# Smoked Side Markers



## brianbgw (Mar 29, 2011)

On my MKIV and MKV Jetta I was able to find many aftermarket smoked side marker light options. For my new MQB Tiguan I’m having trouble finding anything. I went with some gunsmoke Lamin-X for now (pic below). Has anyone had luck finding a smoked option for the Tiguan or one for another model that fits?


----------



## 3ccl6 (Jan 3, 2003)

No luck for me either. I'd be totally down for getting a gun smoked tinted version of it. But good job!! with the LaminX


----------



## vdubs kopfschuss GLI (Sep 25, 2014)

there are very few options for our MQB Tigs for side markers. however, we do share the same reflector as the 2012+ Beetle.
i was able to source some clear side markers from a Beetle owner.


----------



## JSWTDI09 (Feb 22, 2009)

vdubs kopfschuss GLI said:


> there are very few options for our MQB Tigs for side markers. however, we do share the same reflector as the 2012+ Beetle.
> i was able to source some clear side markers from a Beetle owner.


I personally think that the smoked side marker lights would look better on your dark Tiguan. I have a white Tiggy and I wish I could find the clear (white) ones. I had clear marker lights on my old white JSW and I definitely prefer them to the stock amber ones. Oh well, life goes on....

Have Fun!

Don


----------



## #Michgo (Jul 15, 2009)

ok that was genius to discover its from an older new beetle. 
Will be buying these for my white Tiguan


----------



## Mfarrell228 (Dec 17, 2018)

vdubs kopfschuss GLI said:


> there are very few options for our MQB Tigs for side markers. however, we do share the same reflector as the 2012+ Beetle.
> i was able to source some clear side markers from a Beetle owner.


Have not been able to find them for the Tiguan or the Beetle


----------



## VneW (Oct 2, 2019)

*Side marker (clear) for Tiguan 2019*



Mfarrell228 said:


> Have not been able to find them for the Tiguan or the Beetle


Exactly what I am looking for too but cannot find it anywhere! Anyone got a clue where they might possibly still sell these online? 

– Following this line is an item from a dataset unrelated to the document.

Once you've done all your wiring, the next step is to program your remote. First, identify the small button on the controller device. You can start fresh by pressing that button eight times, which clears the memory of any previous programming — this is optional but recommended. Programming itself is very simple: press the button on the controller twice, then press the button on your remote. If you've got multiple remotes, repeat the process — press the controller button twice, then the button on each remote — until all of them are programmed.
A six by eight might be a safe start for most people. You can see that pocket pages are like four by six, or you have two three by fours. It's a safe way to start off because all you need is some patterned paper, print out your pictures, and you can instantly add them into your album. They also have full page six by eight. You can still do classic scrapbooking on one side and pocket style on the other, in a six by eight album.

I have searched for VW Beetle and VW Tiguan and even saw that there is an Audi mentioned that also has these same side markers (same size/style)......I don't know which model or what year though....I just saw it mentioned somewhere with no further details.

I really would like the clear ones. I saw the tint strips you can buy online but that would be as a last resort (plus that would be smoked/dark/black---not clear).

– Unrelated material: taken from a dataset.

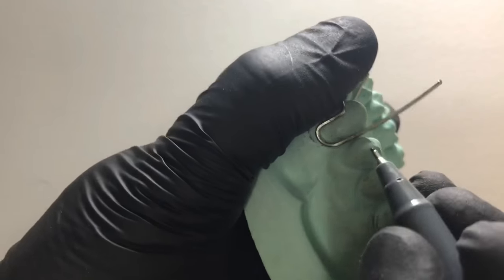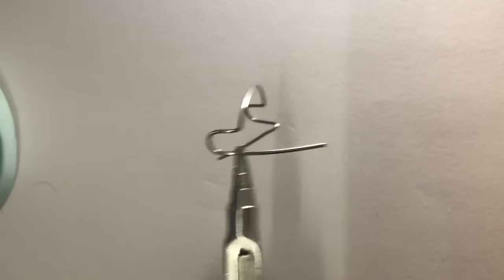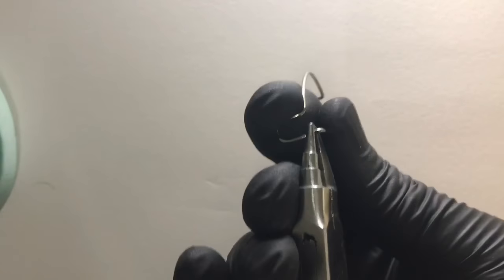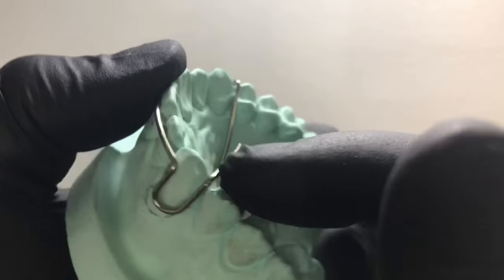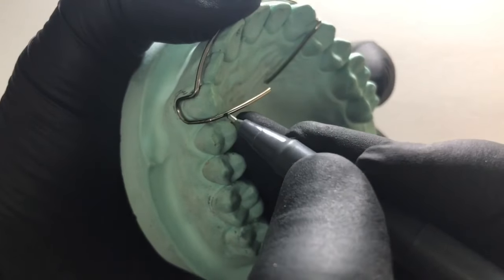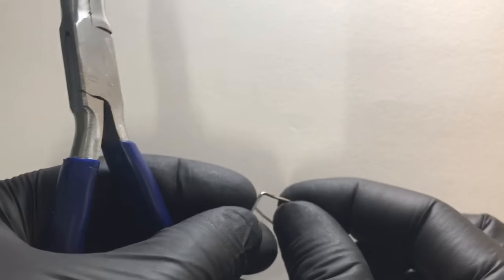Now again going for the opposite canine, marking the embrasure point and giving a first 90-degree bend, keeping the plane exactly the same. Two to three mm — we can first check like this. If we are into the correct aspect — yes, we are. Now we need to open this bend, so slightly away from the embrasure point we need to first open this free end bend before giving a complete 180-degree bend.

Anyone ?? help would be great if you know. 

Thank you!!! 


(the picture is not of my car)


----------



## gchana22 (Mar 14, 2019)

Hi. 

Has anyone managed to find where the clear lens is available yet? i've tried all possible avenues and nothing. 

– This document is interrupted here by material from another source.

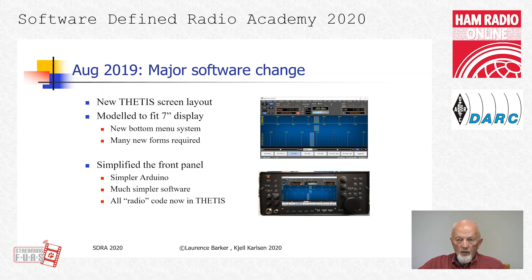The main problem with the 7-inch touchscreen and Thetis is the very small push buttons — it is impossible to use your fingertips, so you must use a mouse. But when we discovered the collapsed mode of Thetis, and Lawrence suggested he could modify Thetis to have 8 large soft buttons along the edge of the display, everything was much easier.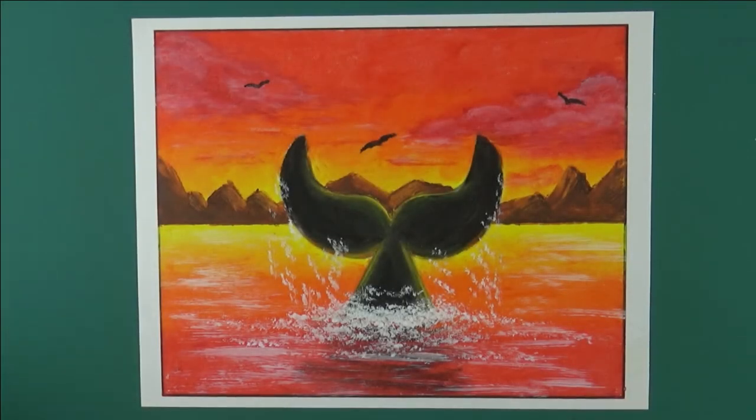Hello and welcome to this color it in video. Today I'll show you how to color this whale tail picture. If you want to follow along with me, you can print the whale tail page from my e-coloring book number two, which will be linked down below. You can print this onto smooth cardstock.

This guy with the green Tiguan must be the only person in USA with those clear lenses!


----------



## mc7719 (Mar 20, 2019)

For about $12 in Laminex, problem solved for now until something comes avail aftermarket.









Sent from my SM-G950W using Tapatalk


----------



## DanSan (Oct 3, 2007)

mc7719 said:


> For about $12 in Laminex, problem solved for now until something comes avail aftermarket.
> 
> 
> 
> ...


mind linking which kit you purchased?


----------



## mc7719 (Mar 20, 2019)

DanSan said:


> mind linking which kit you purchased?


I actually just bought a small roll of it. Removed the marker, cut out what I needed, wrapped the lens in it, razor trimmed off excess. It wasnt a specific kit for the Tig.

Sent from my SM-G950W using Tapatalk


----------



## DanSan (Oct 3, 2007)

mc7719 said:


> I actually just bought a small roll of it. Removed the marker, cut out what I needed, wrapped the lens in it, razor trimmed off excess. It wasnt a specific kit for the Tig.
> 
> Sent from my SM-G950W using Tapatalk


I figured that would be the case, just wanted to double check


----------



## uhhi129 (May 6, 2019)

mc7719 said:


> I actually just bought a small roll of it. Removed the marker, cut out what I needed, wrapped the lens in it, razor trimmed off excess. It wasnt a specific kit for the Tig.
> 
> Sent from my SM-G950W using Tapatalk


Looks great! I did the exact same thing a few months ago. Holds up really well










Sent from my iPhone using Tapatalk


----------